Data shown Start Marker

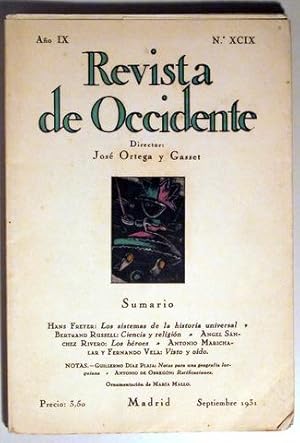 Imagen del vendedor de REVISTA DE OCCIDENTE. Ao IX. n XCIX ( 99 ). Septiembre 1931 a la venta por Llibres del Mirall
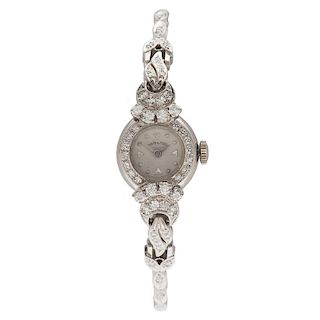 Hamilton Diamond Wrist Watch in 14 Karat White Gold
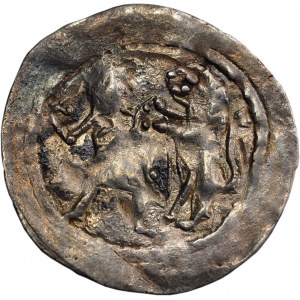 Mieszko I Plątonogi (1177-1211), Racibórz, denar, książę na KONIU - RZADKI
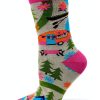 Happy Camper Socks FabDaz Womens Novelty Outdoor Design-2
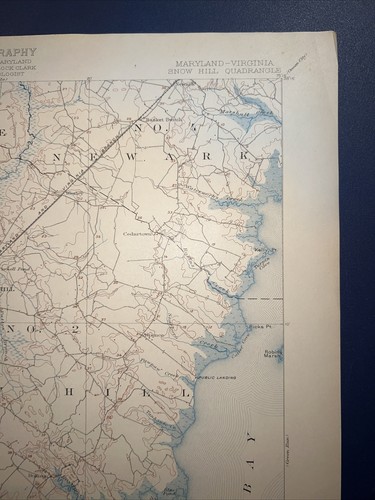 1901 USGS mapa de ratón Snow Hill cuadrángulo Maryland Stockton Greenbackville - Imagen 5 de 8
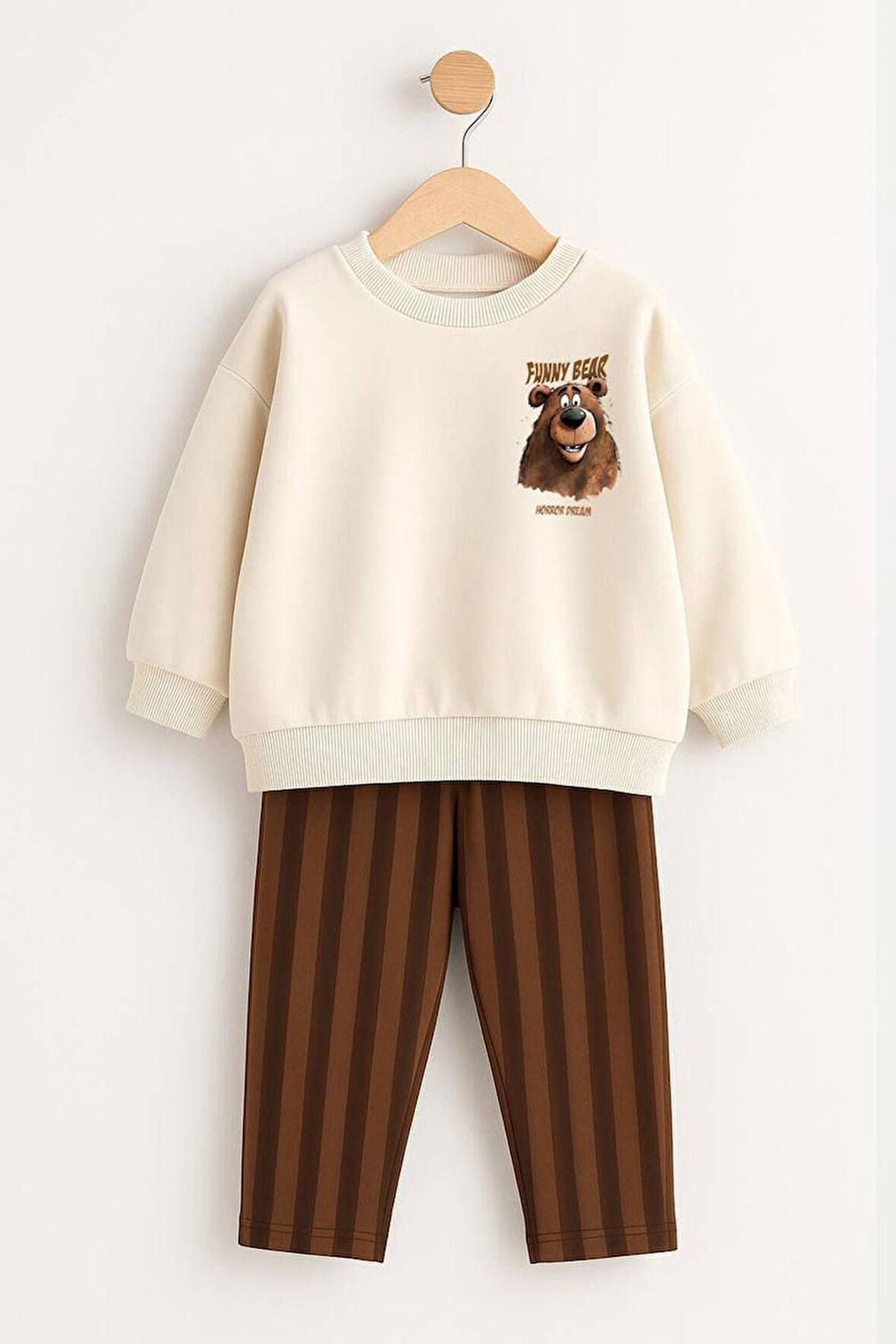Miniğimin Cicileri Funny Ayıcık Baskılı Çizgili Detaylı Erkek Çocuk Takım - Kahve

Data shown End Marker

Problem: When you reproduce the entries above, keep every word exact and leave the images out.

Reply to the task:
 Imagen del vendedor de REVISTA DE OCCIDENTE. Ao IX. n XCIX ( 99 ). Septiembre 1931 a la venta por Llibres del Mirall
 Hamilton Diamond Wrist Watch in 14 Karat White Gold
 Mieszko I Plątonogi (1177-1211), Racibórz, denar, książę na KONIU - RZADKI
 Happy Camper Socks FabDaz Womens Novelty Outdoor Design-2
 1901 USGS mapa de ratón Snow Hill cuadrángulo Maryland Stockton Greenbackville - Imagen 5 de 8
Miniğimin Cicileri Funny Ayıcık Baskılı Çizgili Detaylı Erkek Çocuk Takım - Kahve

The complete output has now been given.